**Problem to work on:** Your answer must hold only the lines below from the line containing "Jeff Bezos idzie z ukochaną na lancz" through the line containing "inoxidable - Dorre", each reproduced exactly.

**Exercise data:**
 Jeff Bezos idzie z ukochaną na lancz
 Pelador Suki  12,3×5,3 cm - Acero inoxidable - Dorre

---

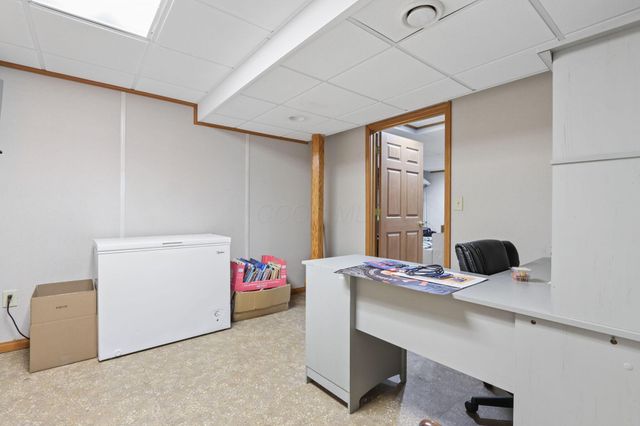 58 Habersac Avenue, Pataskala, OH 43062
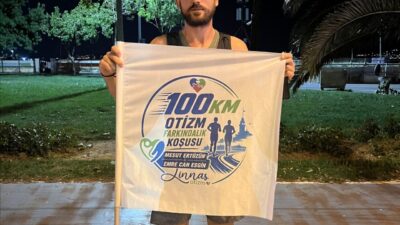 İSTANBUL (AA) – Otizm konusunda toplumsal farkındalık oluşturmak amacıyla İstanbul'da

**Exercise output:**
 Jeff Bezos idzie z ukochaną na lancz
 Pelador Suki  12,3×5,3 cm - Acero inoxidable - Dorre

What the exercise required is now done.